I took a hog to a guy in Canton a couple of years ago and it was terrible.  

Thanks


----------



## Atlanta Dawg (Oct 12, 2016)

Neese Deer Processing on Neese Road just off highway 92 in Woodstock might do it.  Suggest you look up their number and call them.  I have never taken anything to them but I know guys that have and were very happy with what they came out with.


----------



## Northwestretriever (Oct 12, 2016)

Thank you for the recommendation.  Unfortunately Neese doesn't do hogs. I've used them in the past and they are great.


----------



## Atlanta Dawg (Oct 12, 2016)

Northwestretriever said:


> Thank you for the recommendation.  Unfortunately Neese doesn't do hogs. I've used them in the past and they are great.



I was afraid of that-good luck !


----------



## Nicodemus (Oct 12, 2016)

It`s not hard to process one yourself. Only hindrance would be sausage, if you don`t have a grinder.


----------



## Northwestretriever (Oct 12, 2016)

Nicodemus said:


> It`s not hard to process one yourself. Only hindrance would be sausage, if you don`t have a grinder.



I do have a pretty decent grinder.  I may want to try that.  You wouldn't happen to have any good sausage recipes would ya Nic?


----------



## Nicodemus (Oct 12, 2016)

Northwestretriever said:


> I do have a pretty decent grinder.  I may want to try that.  You wouldn't happen to have any good sausage recipes would ya Nic?





I like Legg`s Old Plantation Seasonings #10 blend. Just follow the directions on the package. 

If you want to make venison sausage, you can use the same blend and add pork fat or a boston butt cut up in small chunks to mix with your venison. I like to mix 3 handfuls of deer to 1 handful of pork fat. 
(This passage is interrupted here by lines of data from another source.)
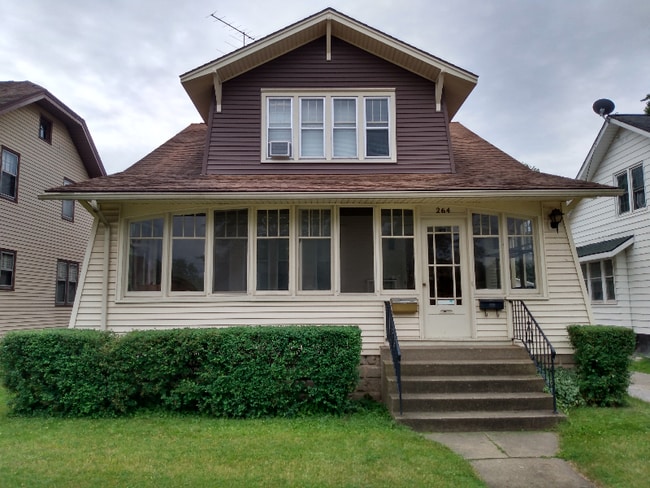 property at 264 W 16th St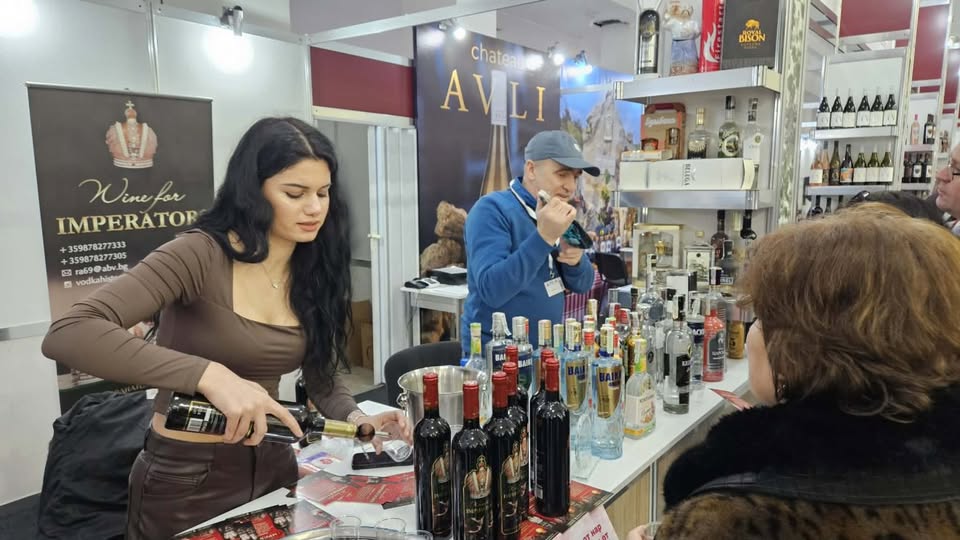 Впечатляващото събитие 'Градът на виното' в Пловдив: Вкусете съкровища от България и света
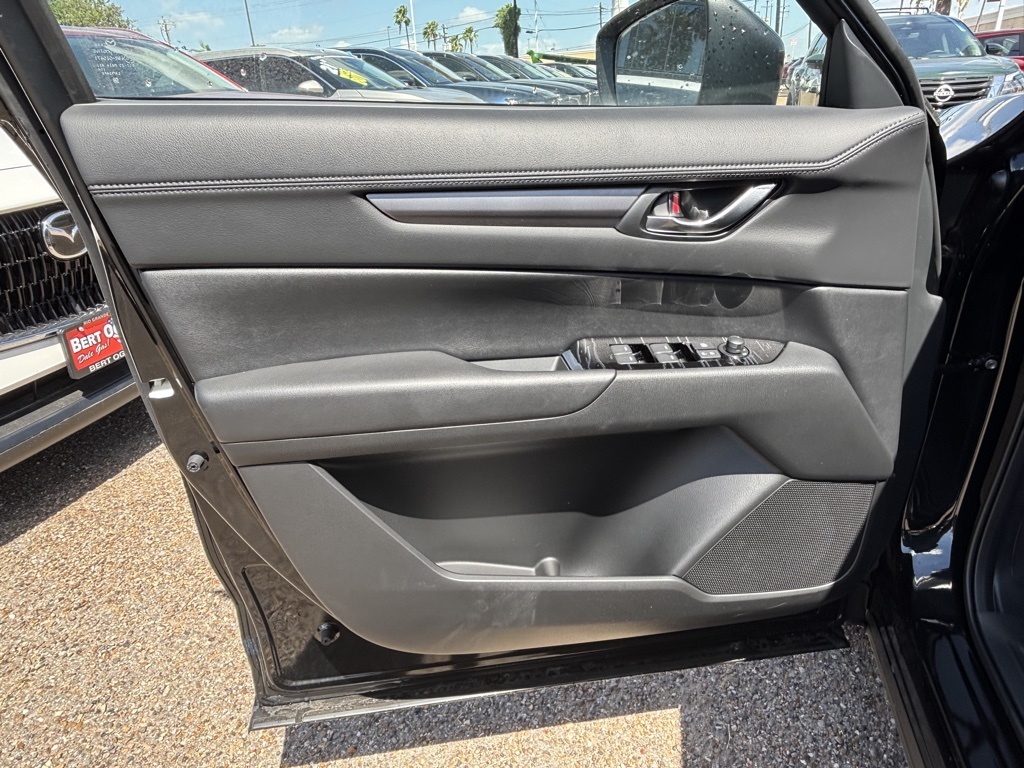 2025 Mazda CX-5 2.5 Select photo 13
For both pork or venison sausage, put the cut up meat in a big dishpan or meat lug, dampen it lightly with water, add your spice blend and mix it well with your hands. I run mine through the grinder twice. This mixes it together good.


----------



## Northwestretriever (Oct 12, 2016)

Thank you so much sir!  I think I'll give that a go


----------



## Rich Kaminski (Oct 13, 2016)

My processor makes a great jalapeno and cheese sausage. And his prices are way lower than Neese. I tried Neese once and paid $6.00 a pound for processing. That was a few years ago. Then again, my processor is in the country and processes about 50 times the number of deer and hogs than Neese processes.


----------



## Danny Leigh (Oct 13, 2016)

Rich Kaminski said:


> My processor makes a great jalapeno and cheese sausage. And his prices are way lower than Neese. I tried Neese once and paid $6.00 a pound for processing. That was a few years ago. Then again, my processor is in the country and processes about 50 times the number of deer and hogs than Neese processes.



Who do you use Rich?


----------



## 308-MIKE (Oct 20, 2016)

Several years ago I took a hog to Sheriffs processing in Calhoun. They did an excellent job.


----------



## hikingthehills (Dec 5, 2016)

Northwestretriever said:


> I took a hog to a guy in Canton a couple of years ago and it was terrible.
> 
> Thanks



Pretty sure I took it to the same guy your talking about n Canton and yep it was bad. I'll be doing it myself from here on out.


----------